Vu, 1°) enregistrés les 20 juillet 2001, 10 septembre 2001 et 9 décembre 2003, sous le n° 01BX01784, la requête et les mémoires ampliatifs présentés pour la FEDERATION DEPARTEMENTALE DES CHASSEURS DES LANDES, dont le siège social est sis ...
172- 40104 Dax, par Maître Charles X..., avocat, qui demande à la cour :
- d'annuler le jugement en date du 17 mai 2001 par lequel le tribunal administratif de Pau a annulé les arrêtés en date du 25 novembre 1997 par lesquels le préfet des Landes a fixé la liste des animaux classés nuisibles et les modalités de leur destruction à tir en tant qu'ils concernent la belette, la fouine, le renard, le corbeau freux, la corneille noire, la pie bavarde, l'étourneau sansonnet et le geai des chênes ;
- de rejeter la demande de l'Association pour la protection des animaux sauvages devant le tribunal administratif de Pau ;
.................................................................................................................
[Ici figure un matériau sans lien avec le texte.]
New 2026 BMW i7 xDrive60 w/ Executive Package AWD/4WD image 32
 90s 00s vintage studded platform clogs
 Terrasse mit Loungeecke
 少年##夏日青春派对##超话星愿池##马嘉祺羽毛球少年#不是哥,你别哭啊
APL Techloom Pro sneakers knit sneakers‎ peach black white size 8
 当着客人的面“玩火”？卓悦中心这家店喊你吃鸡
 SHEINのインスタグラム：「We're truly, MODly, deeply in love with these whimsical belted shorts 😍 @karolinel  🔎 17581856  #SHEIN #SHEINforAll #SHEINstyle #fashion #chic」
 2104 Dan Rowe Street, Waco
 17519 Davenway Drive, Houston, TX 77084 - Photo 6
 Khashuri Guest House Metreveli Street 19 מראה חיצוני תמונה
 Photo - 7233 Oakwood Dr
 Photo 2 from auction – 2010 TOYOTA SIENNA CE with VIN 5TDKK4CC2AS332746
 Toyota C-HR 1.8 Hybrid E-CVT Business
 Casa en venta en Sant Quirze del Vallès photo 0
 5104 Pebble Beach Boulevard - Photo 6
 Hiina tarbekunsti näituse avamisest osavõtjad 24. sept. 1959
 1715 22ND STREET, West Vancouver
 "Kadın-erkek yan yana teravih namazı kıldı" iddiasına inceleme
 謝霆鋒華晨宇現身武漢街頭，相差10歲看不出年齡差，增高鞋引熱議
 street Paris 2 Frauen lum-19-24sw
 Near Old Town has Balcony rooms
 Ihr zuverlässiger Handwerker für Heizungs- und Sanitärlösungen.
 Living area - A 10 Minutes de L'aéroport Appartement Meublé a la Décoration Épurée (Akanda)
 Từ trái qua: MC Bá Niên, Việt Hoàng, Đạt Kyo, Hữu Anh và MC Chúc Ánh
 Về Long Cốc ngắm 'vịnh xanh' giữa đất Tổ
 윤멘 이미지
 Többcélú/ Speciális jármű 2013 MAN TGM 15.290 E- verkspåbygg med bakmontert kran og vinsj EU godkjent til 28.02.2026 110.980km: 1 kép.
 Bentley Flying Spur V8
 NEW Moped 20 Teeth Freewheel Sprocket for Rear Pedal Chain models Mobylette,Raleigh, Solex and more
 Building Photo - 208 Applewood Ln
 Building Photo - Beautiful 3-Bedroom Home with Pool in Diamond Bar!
Classement CNIJ : 03-08-005 C+
Vu 2°) enregistrée le 27 juillet 2001 sous le n° 01BX01833 la requête présentée par le MINISTRE DE L'AMENAGEMENT DU TERRITOIRE ET DE L'ENVIRONNEMENT, qui demande à la cour :
- d'annuler le jugement en date du 17 mai 2001 par lequel le tribunal administratif de Pau a annulé les arrêtés en date du 25 novembre 1997 par lesquels le préfet des Landes a fixé la liste des animaux classés nuisibles et les modalités de leur destruction à tir en tant qu'ils concernent la belette, la fouine, le renard, le corbeau freux, la corneille noire, la pie bavarde, l'étourneau sansonnet et le geai des chênes ;
- de rejeter la demande de l'Association pour la protection des animaux sauvages devant le tribunal administratif de Pau ;
.......................................................................................................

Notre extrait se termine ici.